There are definitely times when there is a legit right way to do something vs a wrong way, but there are also definitely times when people insist on just adding unnecessary time and work to what you're already doing for absolutely no reason.

Like, if you're doing something kind of hectic, and you have tools or equipment you temporarily placed a certain way for a good reason, but it bothers somebody else to see them placed that way, and they insist on you adding additional steps to your own task instead of just leaving shit alone and letting you finish what you're already doing. If it's related to a safety or contamination issue, I get it, but if not, it seems pretty unnecessary. This is especially infuriating when the situation is reversed and the same people break their own unnecessary rules (like it's somehow different because it's them having to deal with something stressful and hectic?).

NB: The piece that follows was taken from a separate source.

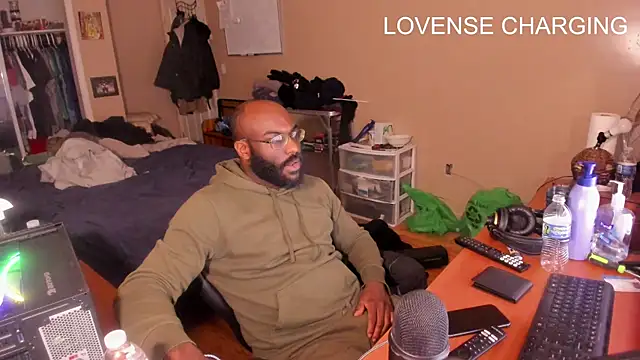 MrChuckDailyXXX online show from 1, 1, 2025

•When people act petty for absolutely no reason. Sometimes I intentionally set stuff out so I can have it all ready to use the next day. I try to avoid doing this if there is a good chance somebody else might actually need it, but, it saves me time and trips back and forth between PPE and non PPE areas when I can just grab everything and don't have to go back and grab something I forgot. There have been a few times where I'll have everything laid out and ready to use (on my own work area), and I'll come in ready to just grab what I need and get started, only to find every item I had ready to go has been moved. What are the chances I neatly laid multiple items out on my own desk or work space before leaving, simply because I just forgot them or wasn't bothering to clean up after myself?

•Having to sit in one uncomfortable spot, surrounded by other people and distractions to work on something that can 100% done on a laptop at home (or anywhere else).

[–] GrayBackgroundMusic@lemmy.zip 3 points 1 week ago

I hate playing the diplomacy game. I'm an engineer. I should be able to present the data and have it speak for itself. Sure there's some skill in data presentation, but I shouldn't have to kiss up to get my project approved.